Joe Perez 12-01-2009 02:34 PM

Bought a new hard drive yesterday.
 
It's for the media server PC where I store all my downloaded movies and TV shows. $150. Pretty standard stuff.

http://img37.imagefra.me/img/img37/1...vm_7f00eb4.jpg

http://img39.imagefra.me/img/img39/1...wm_d5ec02b.gif

Seems like it was only fifteen or twenty years ago that we were using the prefix "giga" in a humorous context, as though a gigabyte were some unthinkably massive quantity of data. At the time, I had six hard drives in my PC (a combination of SCSI and IDE), two of which were full-height 5.25", to give me something like 500 megs of total storage. Or put another way, 0.0005 TB. It was tits. I had more .MOD files than most BBSs.

(Of course, back then a megabyte was 1024 KB. We're at a point now where a few billion bytes is just a rounding error. But who's counting?)

Any wagers on when the first 1 PB hard drive will show up?

Full_Tilt_Boogie 12-01-2009 02:37 PM

damn 150 bucks for 2 terabytes!
its amazing how much prices are coming down, and capability is coming up.
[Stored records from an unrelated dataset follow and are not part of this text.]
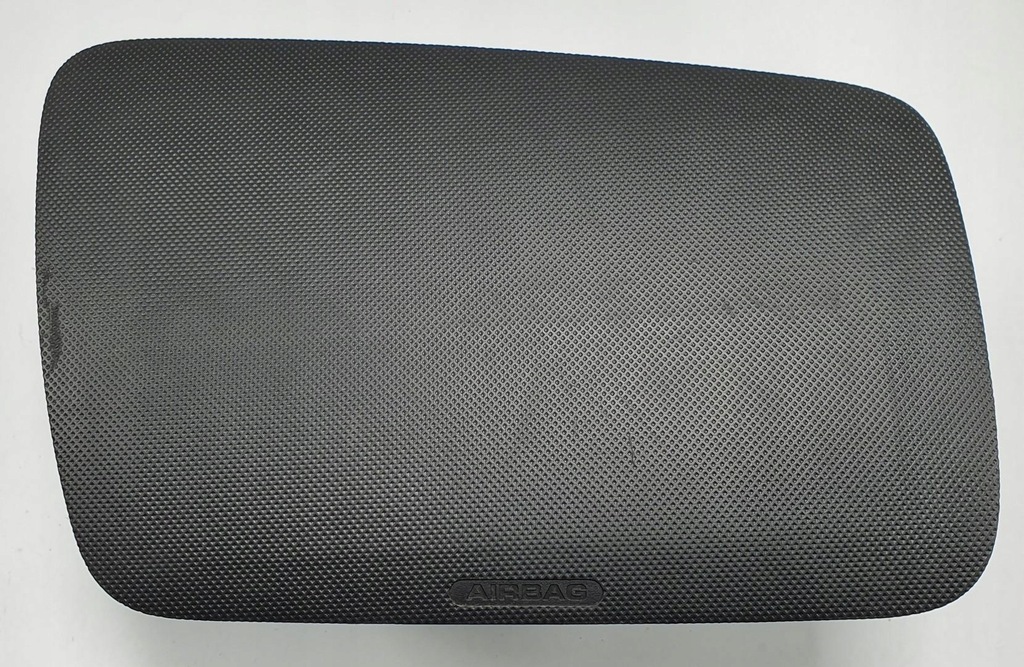 фото №1, Подушка подушка безопасности air bag пассажира citroen c1 e8yn0143466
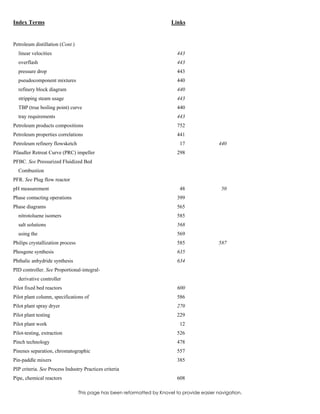 CHEMICAL PROCESS EQUIPMENT SELECTION AND DESIGN.pdf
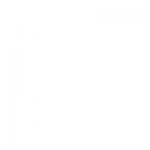 Gary Hopkins Electric Fireplaces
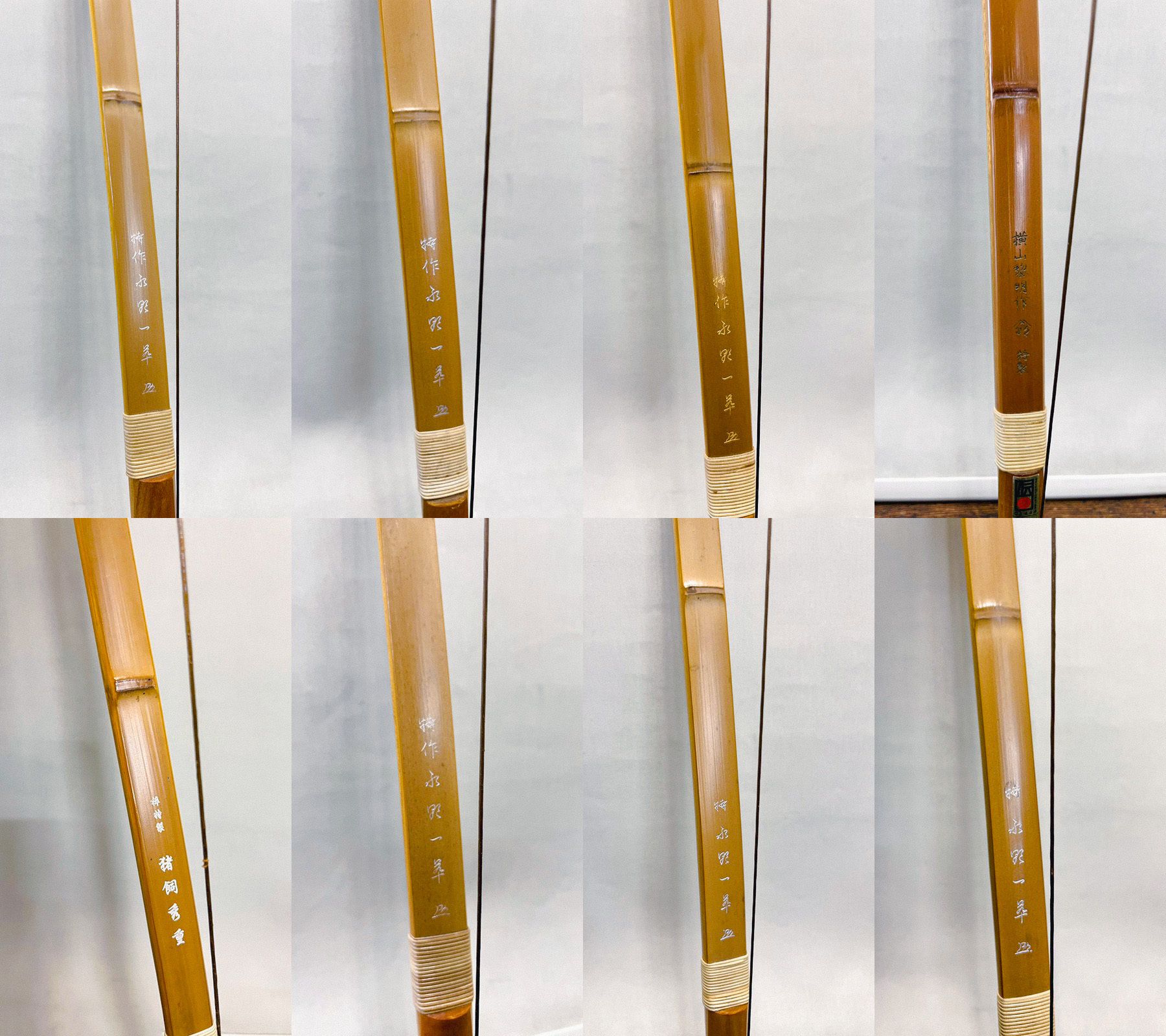 猪飼弓具店 - 【梓】ジュラ矢 6本組 2015 黒手羽抜染 先ブチ 「梓(あずさ)シリーズ」――当店オリジナルのジュラ矢です。美しく染め抜か ...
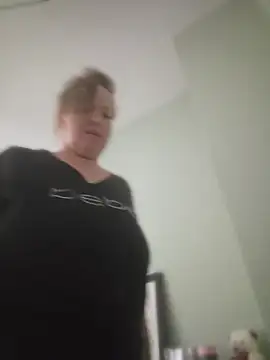 julimonroe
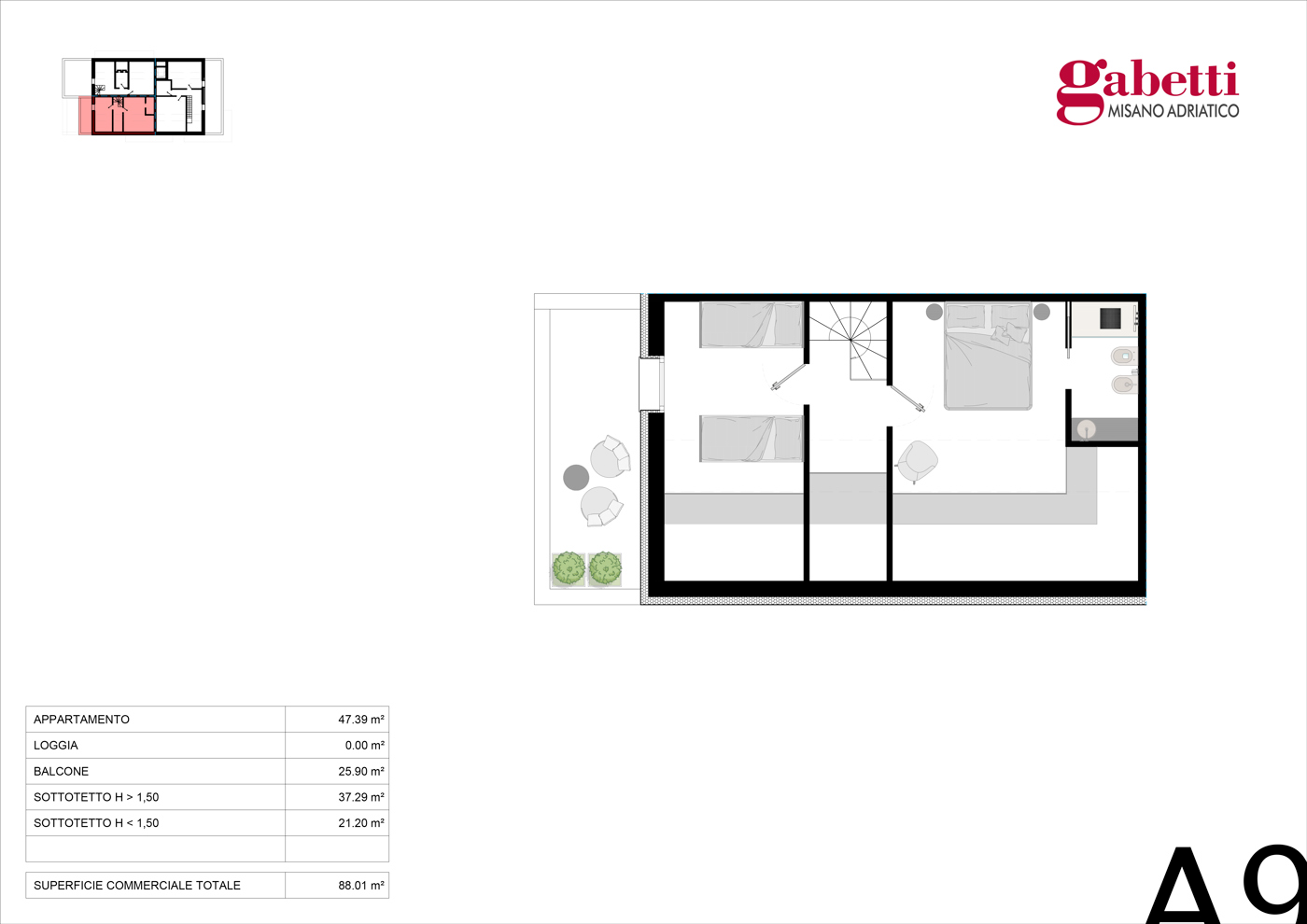 immagine annuncio 9 di 10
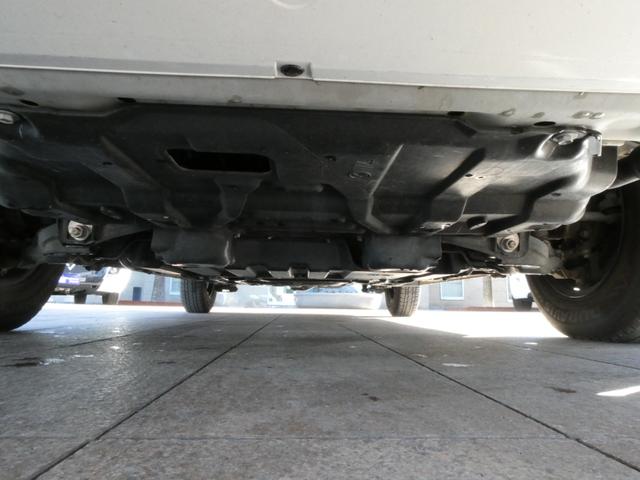 ハイエースワゴン 東和モータース ツェルトWG キャンピングカー 3ナンバー シングルサブバッテリー 走行充電 外部充電 フリップダウンモニター リアヒーター リアクーラー フロントモデリスタスポイラー 10人乗車3人就寝 メモリーナビ ETC(22枚目)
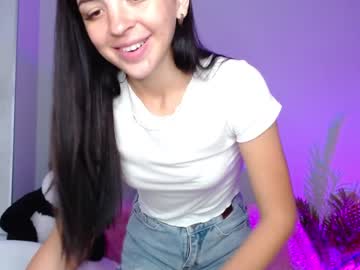 girl cam all day _little_cherryy image #2066970
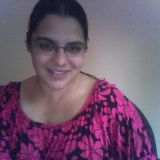 Profilfoto von Sandra Peter,geb. Schlieper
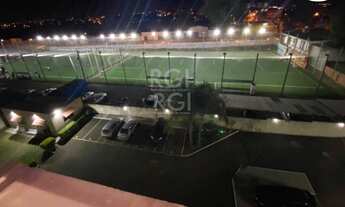 Imagem 6: Apartamento para Venda - 63.9m², 3 dormitórios, 1 vaga - São Sebastião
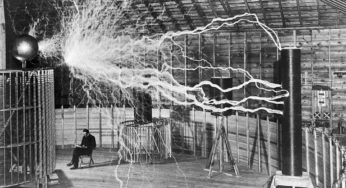 Nikola Tesla’s Death Ray & Other Secrets: Separating Facts from Myths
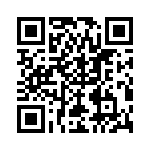 PT8A977BWEX QRCode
hustler 12-01-2009 02:41 PM

want level: extreme.

RotorNutFD3S 12-01-2009 03:04 PM

Where did you buy? That's a great price!

sbrian2 12-01-2009 03:05 PM

I just got one of these in a 2TB version: Buffalo Technology - Products - LinkStation Pro Duo™

I plugged it into my router and can access it from all my computers or any pc with an internet connection. I have it set up in RAID1 configuration so I really only have 1TB of storage, but should one of the HDs go out I have a mirrored backup at all times. I can also network any printer to it or add more space using the 2 USB ports on the back.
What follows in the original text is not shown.